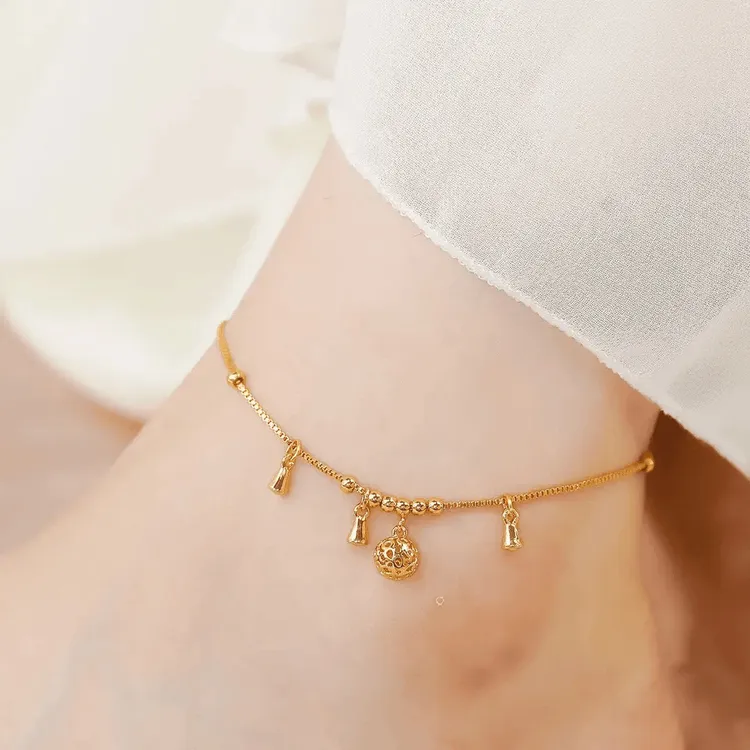 铜合金脚链 【一帆风顺】铃铛脚链玲珑球久不掉色锦绣前程绣球首饰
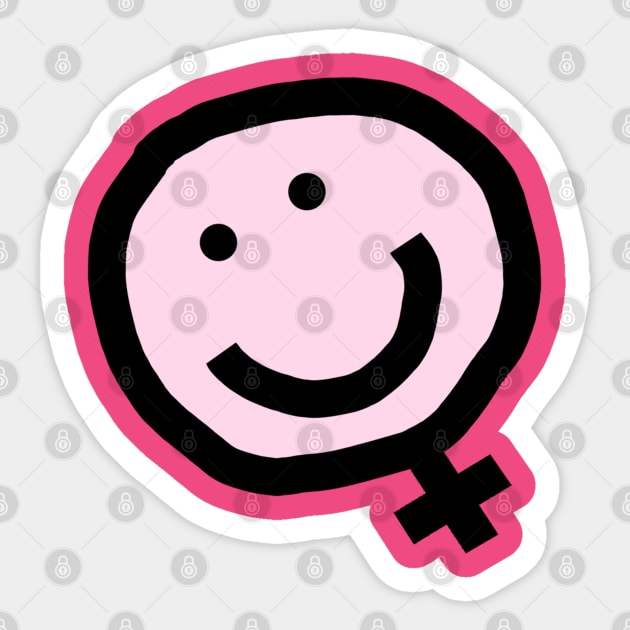 Minimal Feminist Female Smile Sticker by ellenhenryart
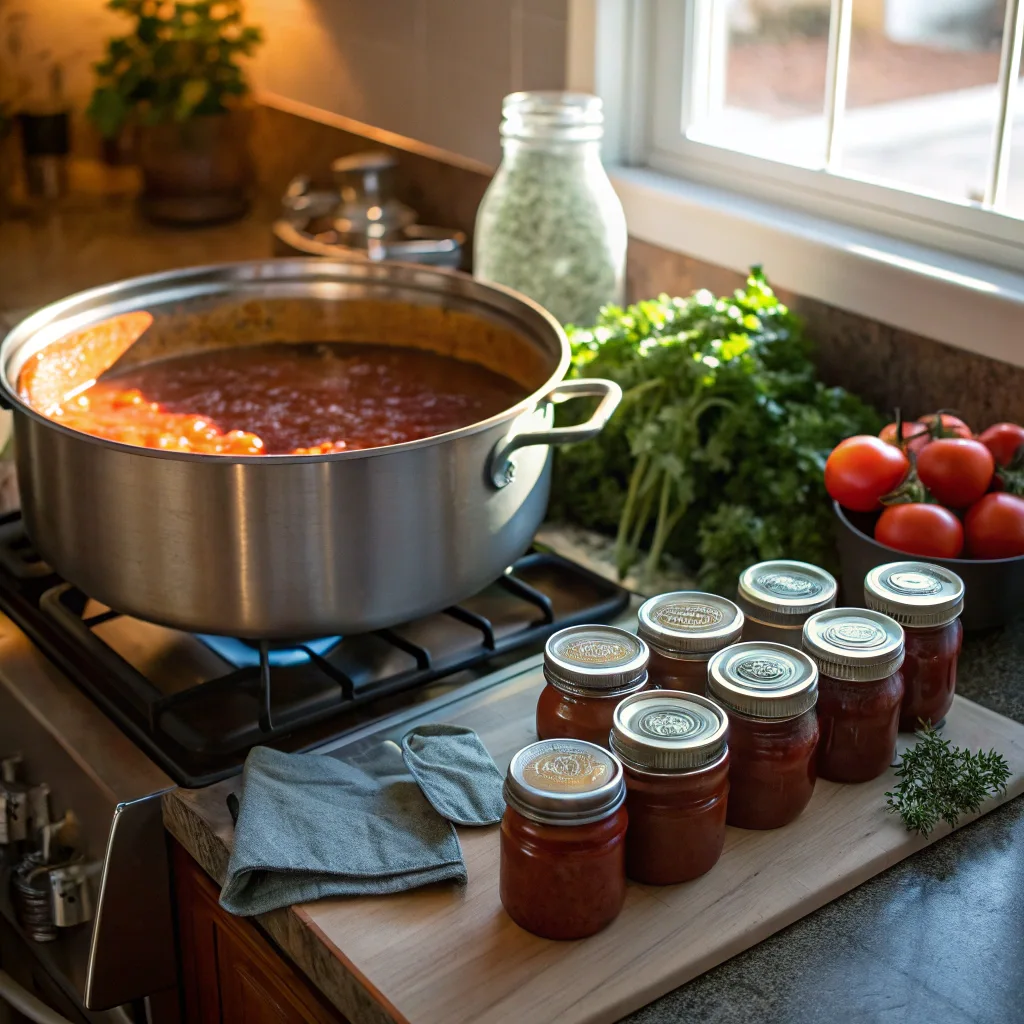 A cozy kitchen scene featuring the process of canning spaghetti sauce. A large stainless steel pot filled with simmering tomato sauce sits on a gas stove, emitting a warm glow. Next to the stove, several glass mason jars filled with freshly canned sauce are neatly arranged on a wooden cutting board. The jars have metal lids and bands, indicating they have been properly sealed. In the background, fresh ingredients like tomatoes, herbs, and leafy greens are visible, adding to the homely atmosphere. The image captures the essence of homemade food preservation, highlighting the care and effort put into creating delicious, long-lasting meals.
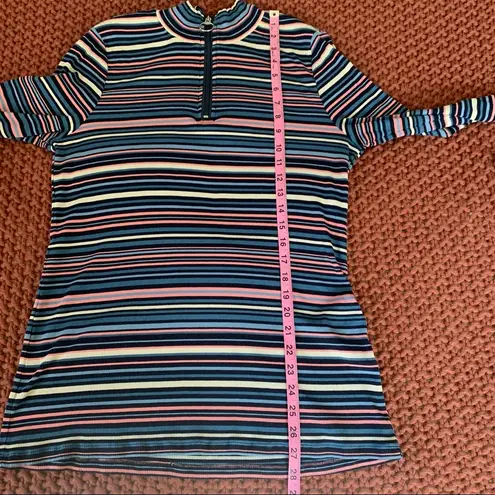 cj banks  Cotton Candy Stripe Stretch Knit 1/4 Zip Long Sleeve Top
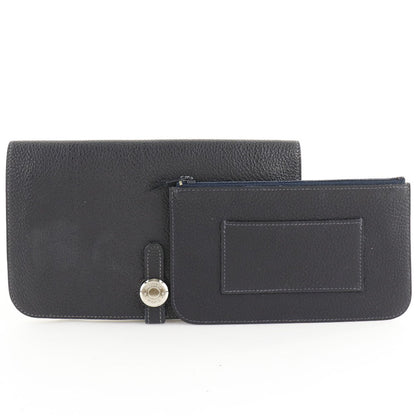 HERMES Long Wallet Purse Togo Navy blue Dogon GM unisex(Unisex) Used Authentic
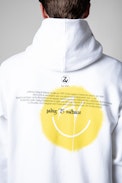 Felpa Ghost - Felpa in cotone bianco con zip da uomo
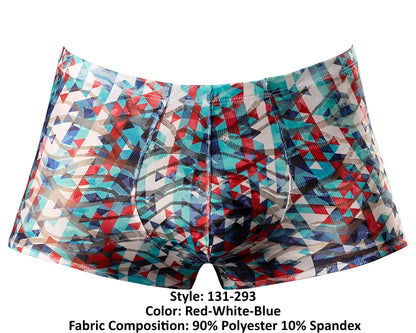 Male power 131-293 your lace or mine pouch short boxer briefs with red white and blue geometric pattern in polyester-spandex blend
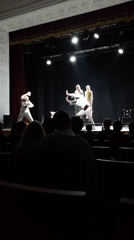 Live theater performance with cello, Moscow stage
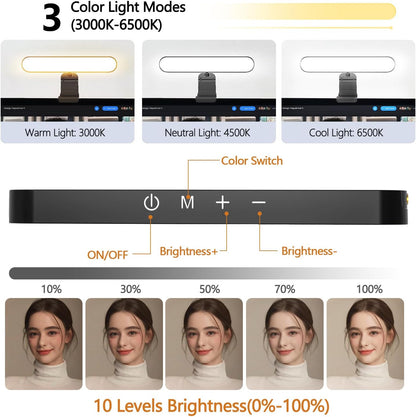 yAyusi Video Conference Light, LED Streaming Lighting for Laptop Computer Monitor, Desk Selfie Ring Light with Remote and Touch Control, PC Podcast Camera Webcam Light for Video Calls/Zoom Meetings
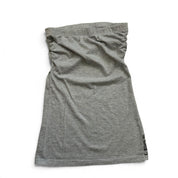 Y2K Grey ornate/grunge-style royal crown strapless tube top (XS/S)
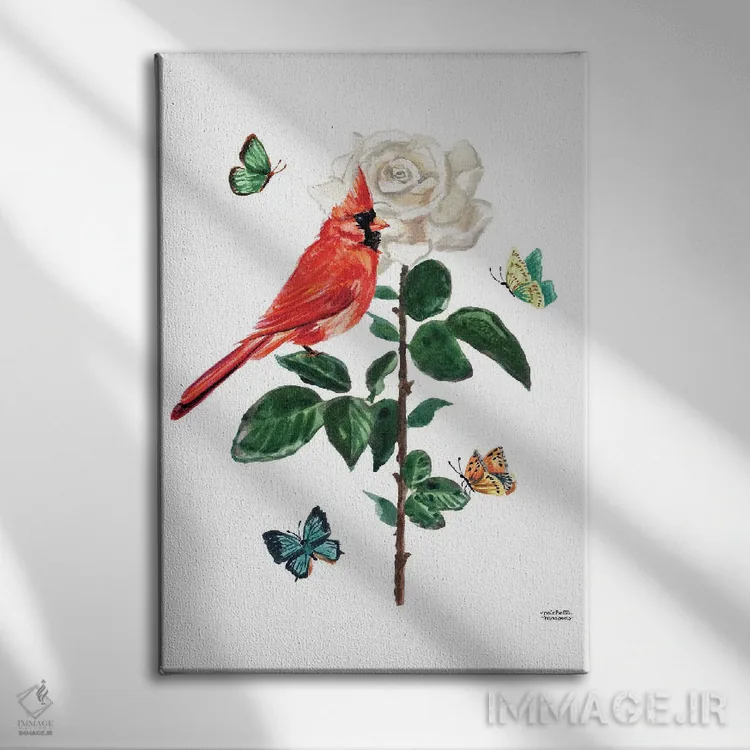تابلو دکوراتیو پرنده کارباورال و گل رز آبرنگ اثر میشل موسپنس - نمای روبهرو روی دیوار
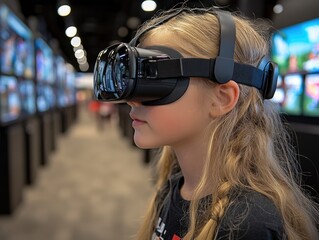 Naklejka premium Young girl immersed in virtual reality at modern exhibition space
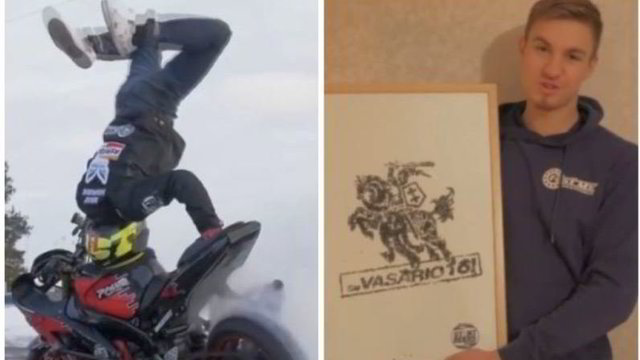 Tai bent idėja: uteniškiai Vyčio paveikslą sukūrė „Kawasaki“ motociklu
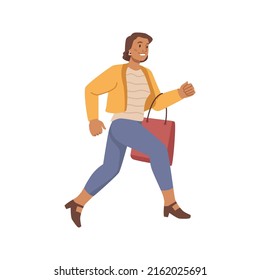 Female character with bag on shoulder running to shop or store for special offer. Promotion and sale in supermarket, shopaholic hurrying up to buy goods in stock, vector illustration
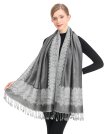 (image for) Border Patterned Pashmina Silver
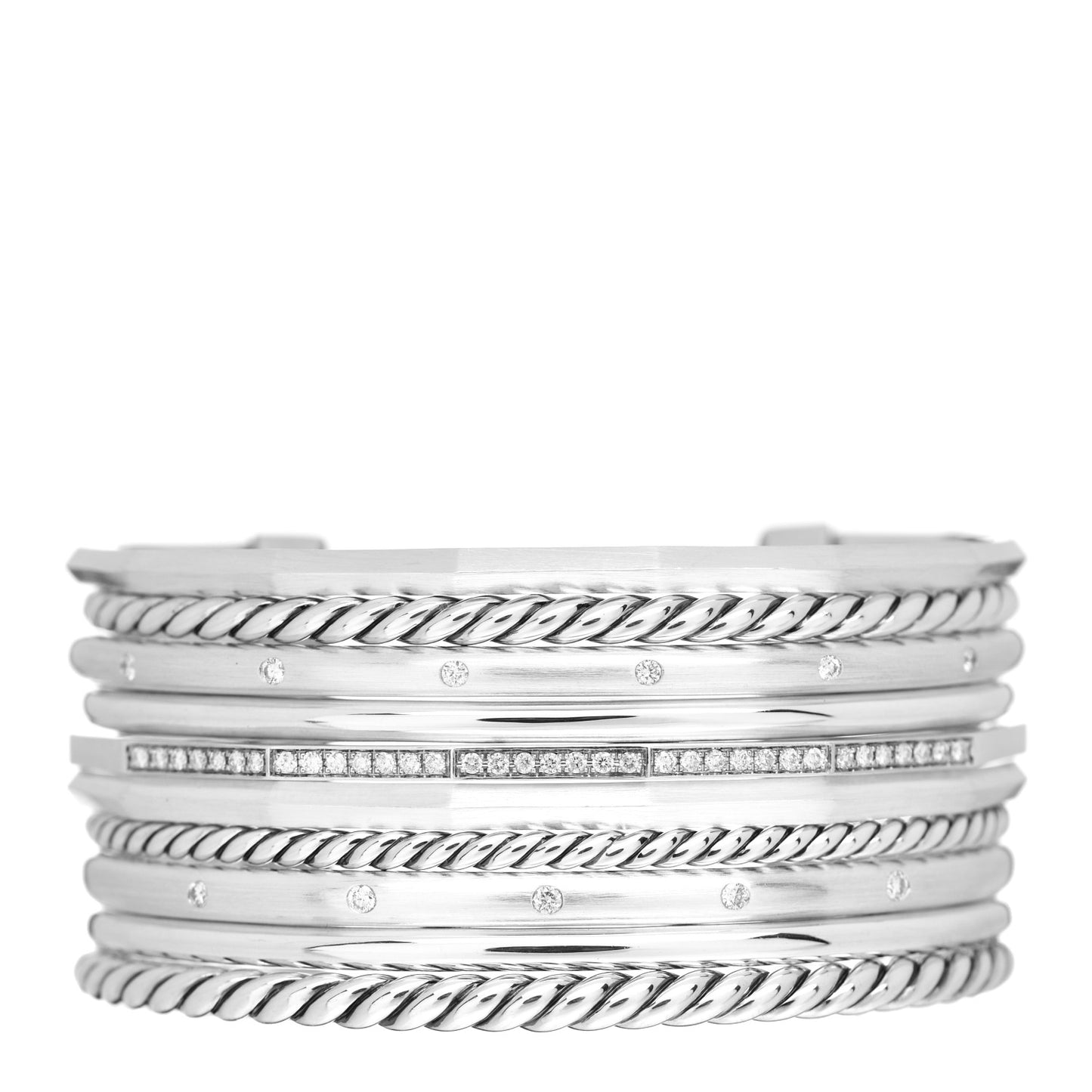 Sterling Silver Diamond Wide Stax Cuff Bracelet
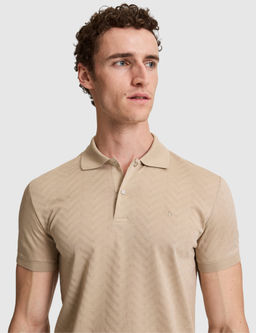 Koyu Bej Slim Fit %100 Pamuk D__meli Polo Yaka Ti__rt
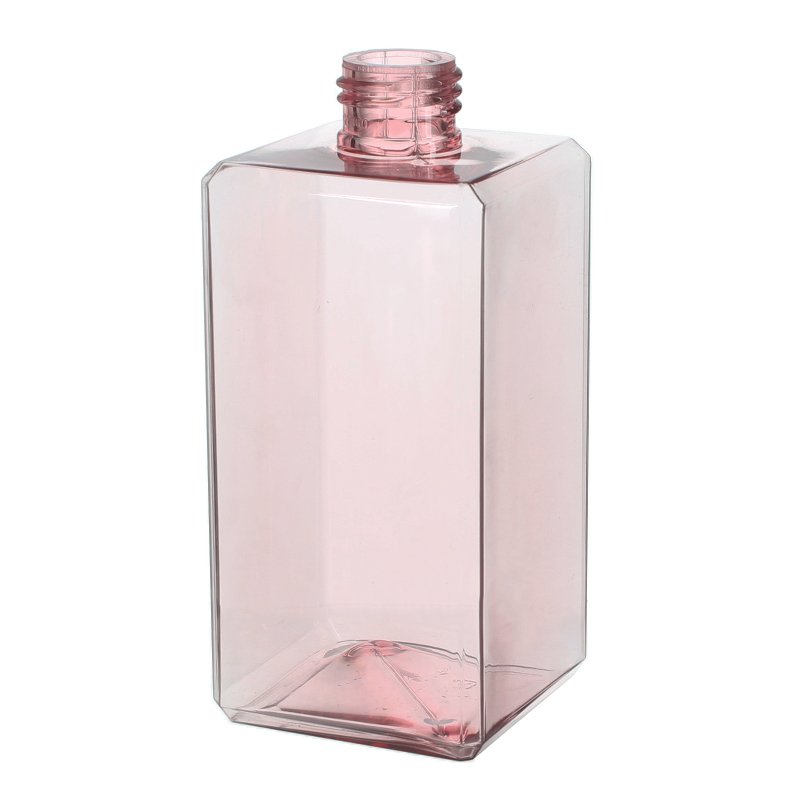 300ml/10oz Clear Pink Square PETG Plastic Bottle with 24/410 Neck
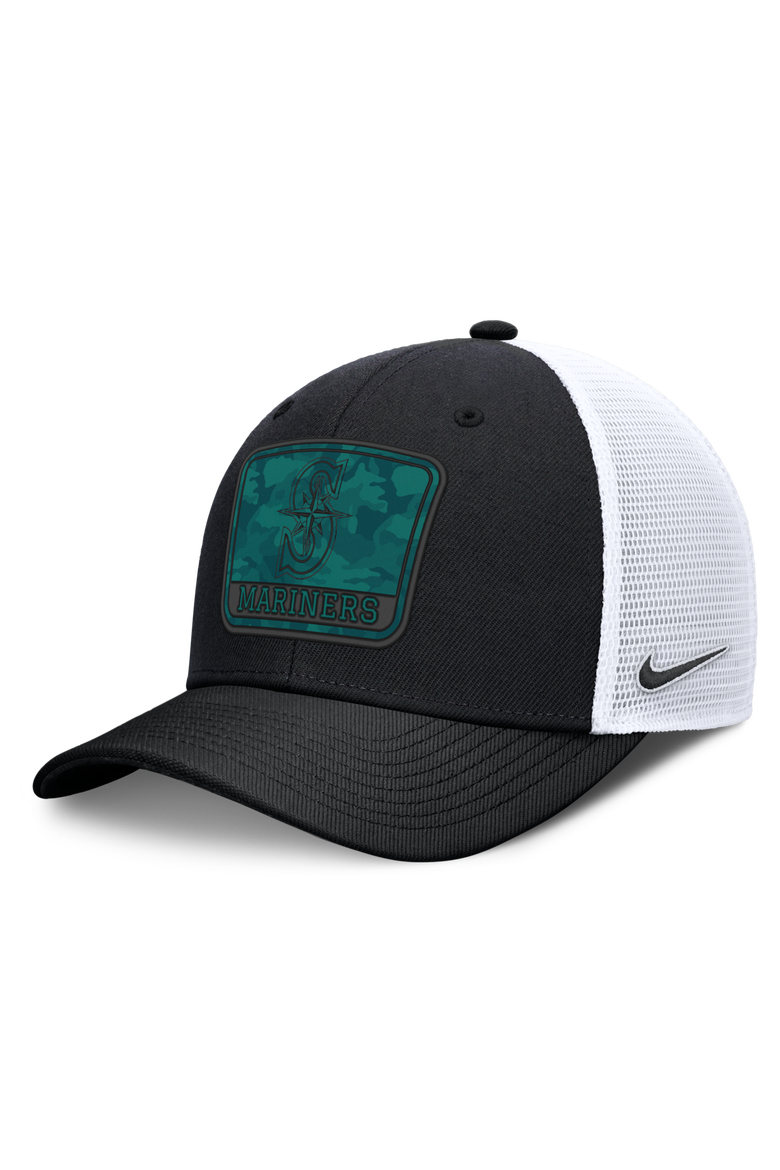 Men's Nike Black/White Seattle Mariners Camo Rise Trucker Dri-FIT Adjustable Hat, Main, color, Black
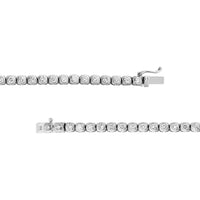 Olas d'Oro - 14K White Gold Large Bezel Set Diamond Tennis Necklace - 7.10 Carat Total Diamond Weight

• _YOUR INSTRUCTIONS_
Your copy should match the material above exactly, minus its pictures.

• _EXERCISE RESULT_
 铜合金脚链 【一帆风顺】铃铛脚链玲珑球久不掉色锦绣前程绣球首饰
 Minimal Feminist Female Smile Sticker by ellenhenryart
 A cozy kitchen scene featuring the process of canning spaghetti sauce. A large stainless steel pot filled with simmering tomato sauce sits on a gas stove, emitting a warm glow. Next to the stove, several glass mason jars filled with freshly canned sauce are neatly arranged on a wooden cutting board. The jars have metal lids and bands, indicating they have been properly sealed. In the background, fresh ingredients like tomatoes, herbs, and leafy greens are visible, adding to the homely atmosphere. The image captures the essence of homemade food preservation, highlighting the care and effort put into creating delicious, long-lasting meals.
 cj banks  Cotton Candy Stripe Stretch Knit 1/4 Zip Long Sleeve Top
 HERMES Long Wallet Purse Togo Navy blue Dogon GM unisex(Unisex) Used Authentic
 Felpa Ghost - Felpa in cotone bianco con zip da uomo
 Male power 131-293 your lace or mine pouch short boxer briefs with red white and blue geometric pattern in polyester-spandex blend
 Live theater performance with cello, Moscow stage
 yAyusi Video Conference Light, LED Streaming Lighting for Laptop Computer Monitor, Desk Selfie Ring Light with Remote and Touch Control, PC Podcast Camera Webcam Light for Video Calls/Zoom Meetings
 Y2K Grey ornate/grunge-style royal crown strapless tube top (XS/S)
تابلو دکوراتیو پرنده کارباورال و گل رز آبرنگ اثر میشل موسپنس - نمای روبهرو روی دیوار
 Naklejka premium Young girl immersed in virtual reality at modern exhibition space
 Tai bent idėja: uteniškiai Vyčio paveikslą sukūrė „Kawasaki“ motociklu
 Female character with bag on shoulder running to shop or store for special offer. Promotion and sale in supermarket, shopaholic hurrying up to buy goods in stock, vector illustration
 (image for) Border Patterned Pashmina Silver
 Sterling Silver Diamond Wide Stax Cuff Bracelet
 Koyu Bej Slim Fit %100 Pamuk D__meli Polo Yaka Ti__rt
 300ml/10oz Clear Pink Square PETG Plastic Bottle with 24/410 Neck
 Men's Nike Black/White Seattle Mariners Camo Rise Trucker Dri-FIT Adjustable Hat, Main, color, Black
 Olas d'Oro - 14K White Gold Large Bezel Set Diamond Tennis Necklace - 7.10 Carat Total Diamond Weight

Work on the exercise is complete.